### Data records
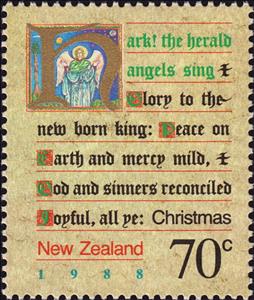 Stamp, Herald Angels, New Zealand,  , Christmas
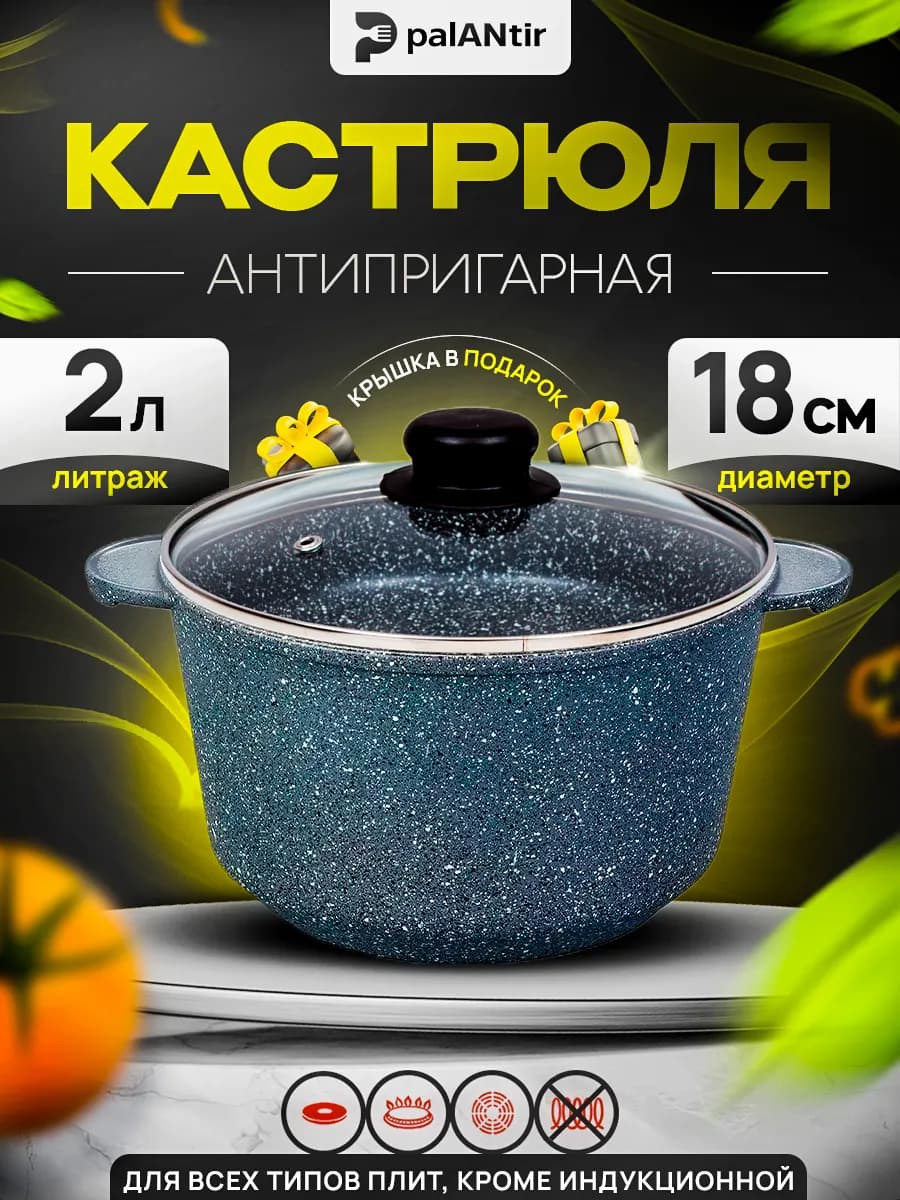 Кастрюля антипригарная с крышкой 2 л серый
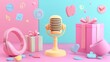© ShinneProject - A retro microphone with gifts and headphones on a pink and blue background.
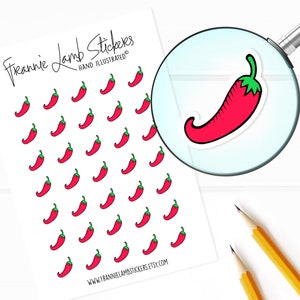 Adesivi peperoncino rosso (1/2" ciascuno), adesivi pianificatore, adesivi decorativi, adesivi alimentari per calendari, pianificatori, album di ritagli, artigianato e altro ancora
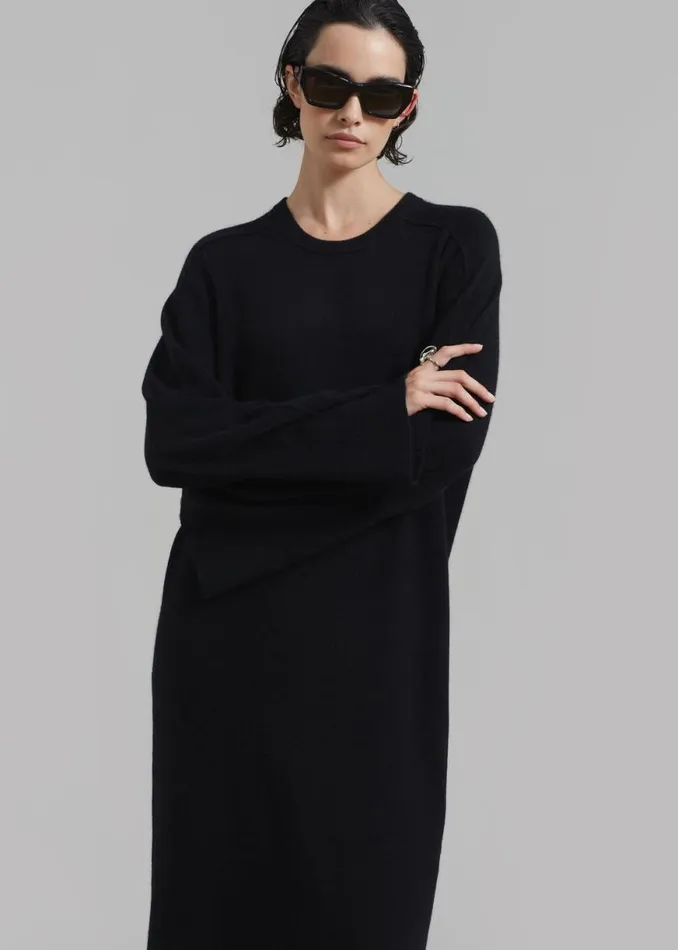 The Frankie Shop Loulou Studio Long Esna Dress 8211 Black Shop Clothing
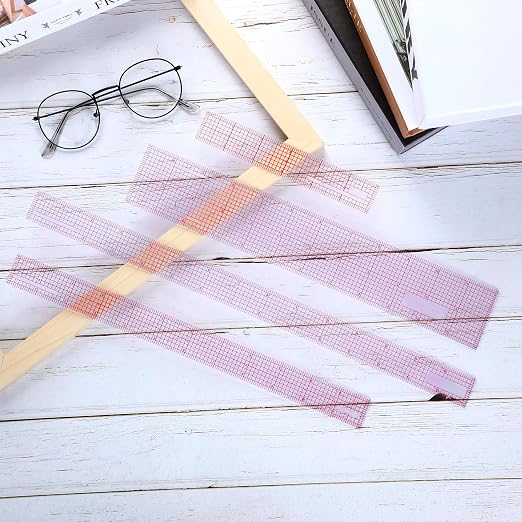 Pelopy 4 Pieces Clear Plastic Ruler Grid Transparent Ruler Plastic Straight - Image 5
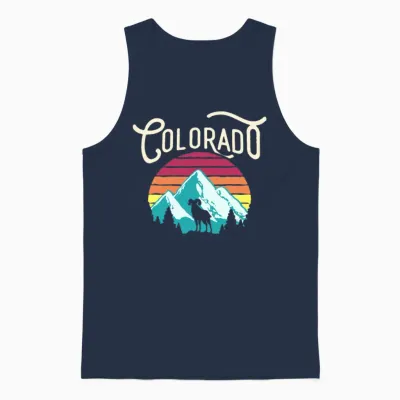 Retro Colorado Unisex Tank Top - Navy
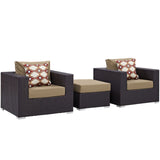 Convene 3 Piece Outdoor Patio Sofa Set Espresso Mocha EEI-2363-EXP-MOC-SET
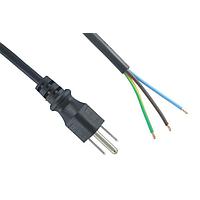 Alpha Wire 781 BK078 No Receptacle Power Cord 18AWG 3C UNSHLD CORD BLACK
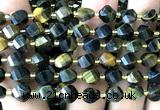 CTW568 8mm faceted & twisted S-shaped yellow & blue tiger eye beads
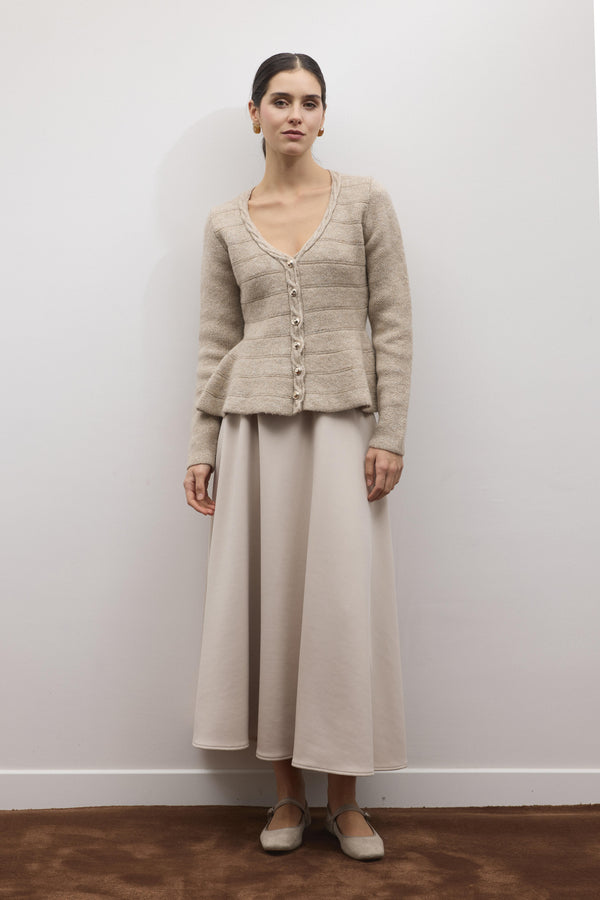 Jewel Peplum Simli Triko Hırka - Mocha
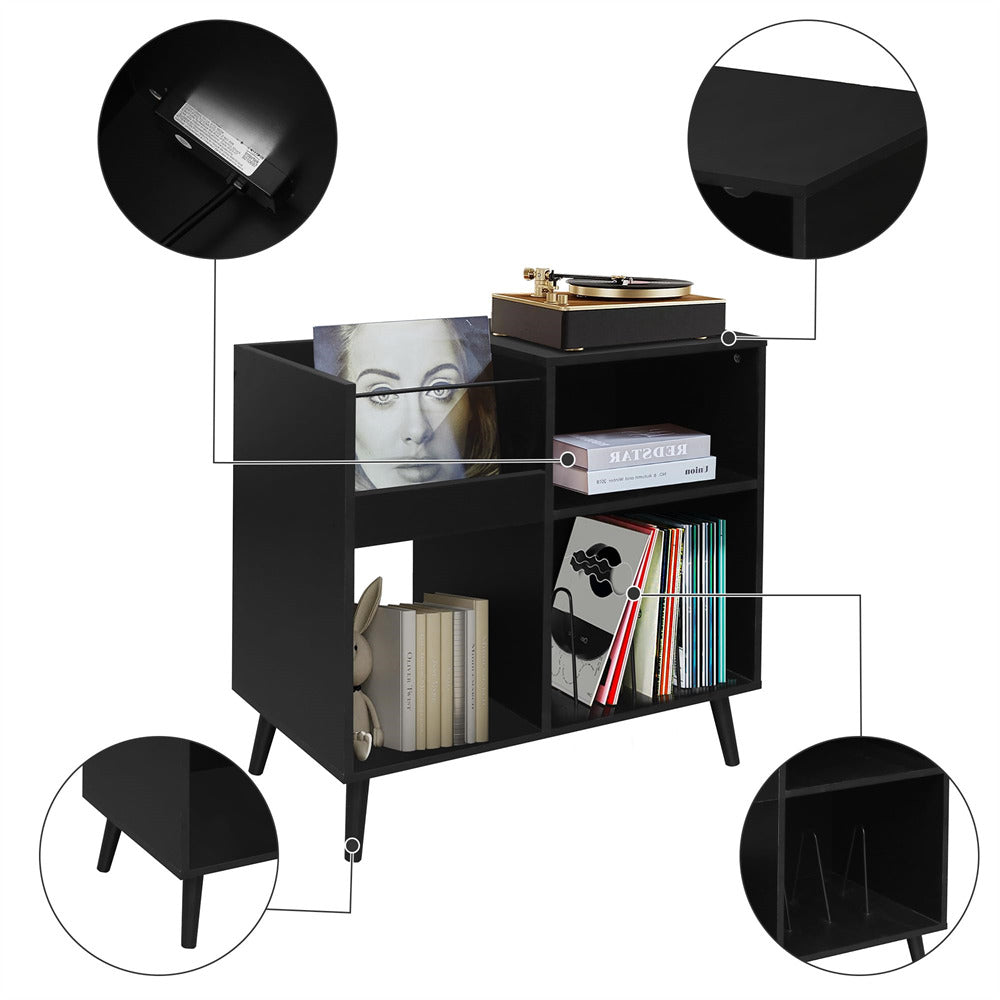 Vinyl Record Player Stand Turntable Stand with Power Outlet Black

### Task statement
Restate the material word for word; no picture should appear in the copy.

### Answer to this problem
 Stamp, Herald Angels, New Zealand,  , Christmas
 Кастрюля антипригарная с крышкой 2 л серый
© ShinneProject - A retro microphone with gifts and headphones on a pink and blue background.
 Adesivi peperoncino rosso (1/2" ciascuno), adesivi pianificatore, adesivi decorativi, adesivi alimentari per calendari, pianificatori, album di ritagli, artigianato e altro ancora
 The Frankie Shop Loulou Studio Long Esna Dress 8211 Black Shop Clothing
 Pelopy 4 Pieces Clear Plastic Ruler Grid Transparent Ruler Plastic Straight - Image 5
 Retro Colorado Unisex Tank Top - Navy
 Convene 3 Piece Outdoor Patio Sofa Set Espresso Mocha EEI-2363-EXP-MOC-SET
 Alpha Wire 781 BK078 No Receptacle Power Cord 18AWG 3C UNSHLD CORD BLACK
 CTW568 8mm faceted & twisted S-shaped yellow & blue tiger eye beads
 Jewel Peplum Simli Triko Hırka - Mocha
 Vinyl Record Player Stand Turntable Stand with Power Outlet Black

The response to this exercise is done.